I've already done a preview of the talk at a little workshop in Bristol -the live demo of RHEL HA failover did work, so I hope to repeat it. I'll be manning the Hortonworks Booth and wearing branded T-shirts, so will be findable -though I plan to attend some of the talks. In particular, one of the people behind Spatial Analyis UK will be talking -and I just love their maps.

Big Data Con London, Hadoop as a Data Refinery.

Here I'll be exploring the "Data Refinery" metaphor as a way to visualise and communicate the role of the Hadoop stack in existing organisations.

ApacheCon EU, Introduction to Hadoop-dev.

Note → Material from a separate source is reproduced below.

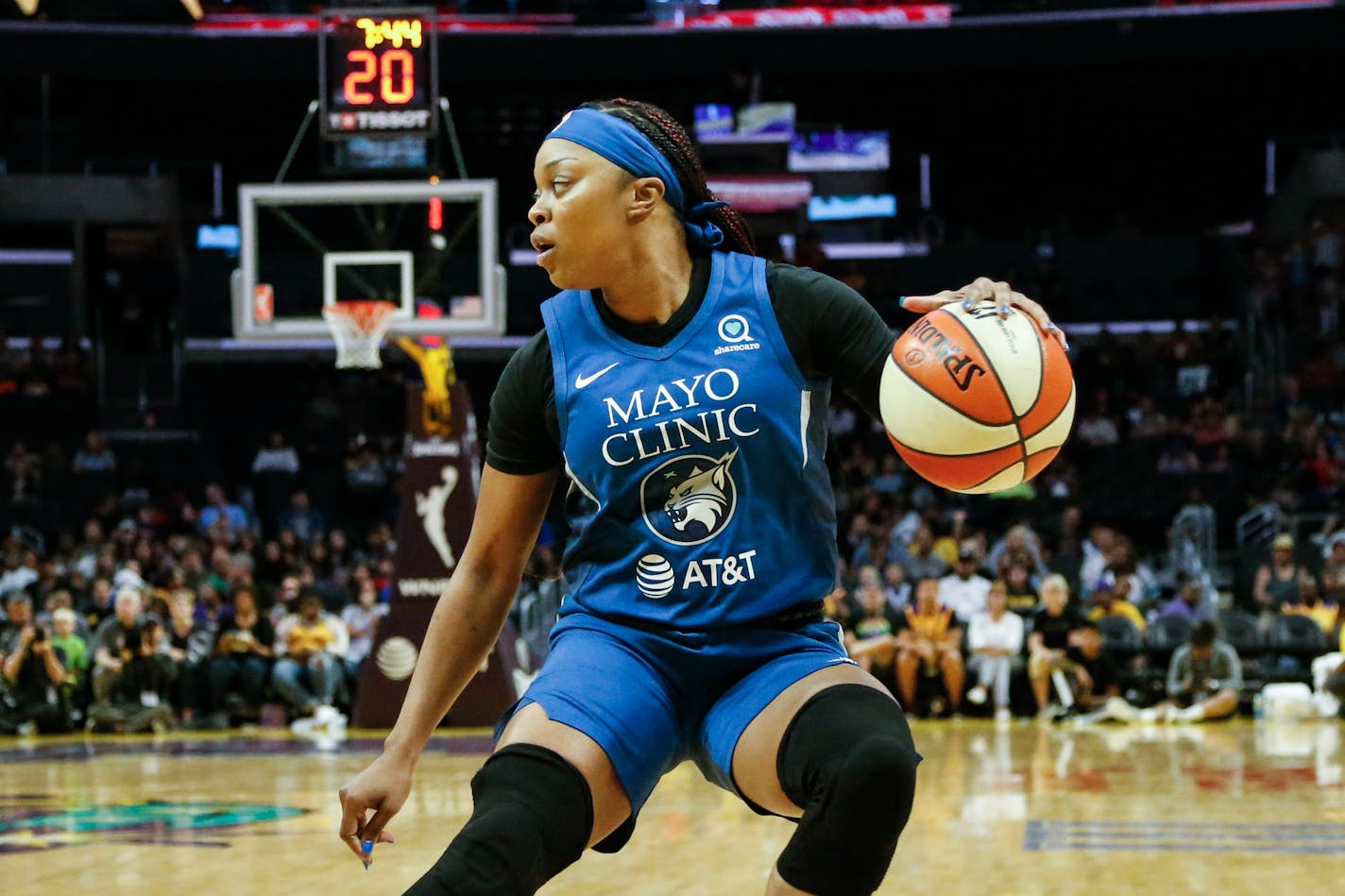 Minnesota Lynx's Odyssey Sims (1) dribbles during a WNBA basketball game between Los Angeles Sparks and Minnesota Lynx in Los Angeles, Sunday, Sept. 8, 2019. The Sparks won 77-68. (AP Photo/Ringo H.W. Chiu)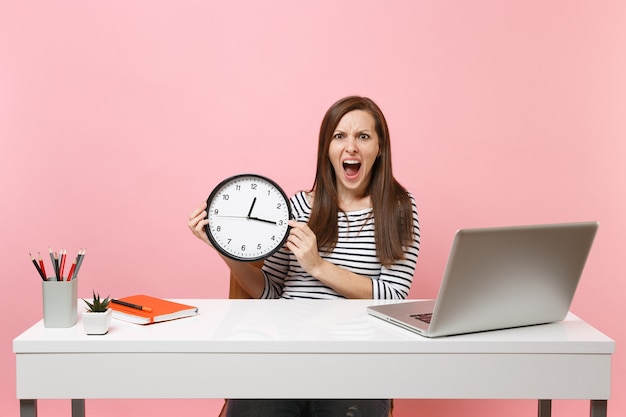 Joven mujer enojada sosteniendo un reloj despertador redondo gritando mientras trabaja sentado en la oficina con un ordenador portátil aislado sobre fondo rosa pastel. Concepto de carrera empresarial de logro. Copie el espacio. Se acaba el tiempo.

I'm going to talk about the Hadoop development process, QA and testing, contributions. This isn't going be a basic "here's SVN", or a "Hortonworks and Cloudera can handle everything" talk, but one that looks at the current process -both strengths and weaknesses. As a committer who was not only on their own for some years, but still in a different TZ, I know the problems that arise. I believe it is essential for people using Hadoop in the field to get their feedback in, through JIRA, tests & patches. If there is one thing that I think needs work is to have a semi-formalised process for external projects to do mentored work relating to Hadoop. That's companies, individuals, interns and university research. All to often we don't know that someone is working on a feature until they turn up with something big that cuts across the projects -and at that point it's too late to shape, to open up to external input, or to even comprehend. Just as apache has an incubator, I think we need something structured -as the alternative is that this work falls on the floor and ends up wasted.